The task »
Write out exactly the lines below starting at the one containing "This Ford has" and ending at the one containing "See it for yourself". Omit every picture.
** Opening Data to examine block **
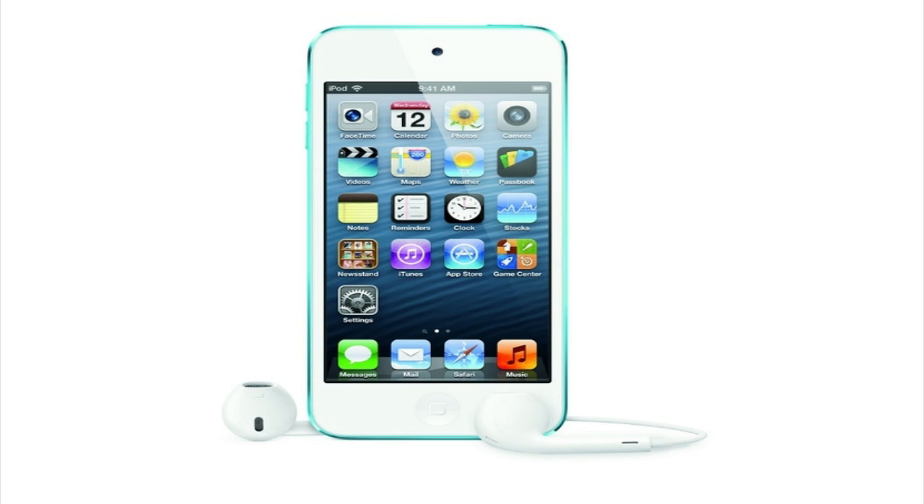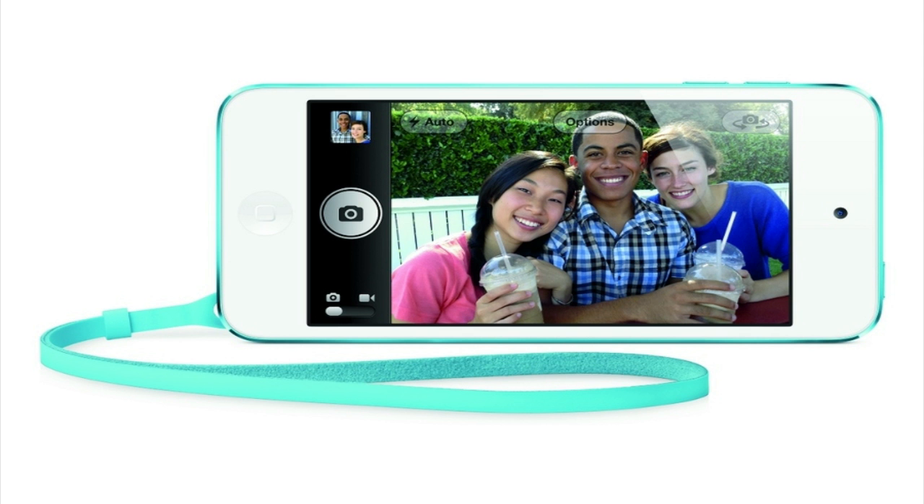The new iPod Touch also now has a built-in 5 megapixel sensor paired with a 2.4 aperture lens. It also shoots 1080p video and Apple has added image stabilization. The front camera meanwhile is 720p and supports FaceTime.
** Closing Data to examine block **
** Opening Data to examine block **
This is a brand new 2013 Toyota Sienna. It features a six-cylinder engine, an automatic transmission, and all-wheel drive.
** Closing Data to examine block **
** Opening Data to examine block **
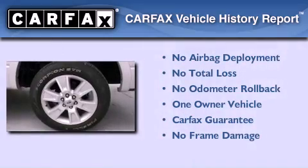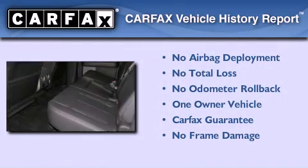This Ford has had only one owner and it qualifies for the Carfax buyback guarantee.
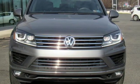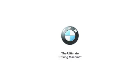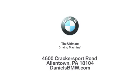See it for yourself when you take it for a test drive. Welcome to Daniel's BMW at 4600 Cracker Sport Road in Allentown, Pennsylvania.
** Closing Data to examine block **
Problem solution »
This Ford has had only one owner and it qualifies for the Carfax buyback guarantee.
See it for yourself when you take it for a test drive. Welcome to Daniel's BMW at 4600 Cracker Sport Road in Allentown, Pennsylvania.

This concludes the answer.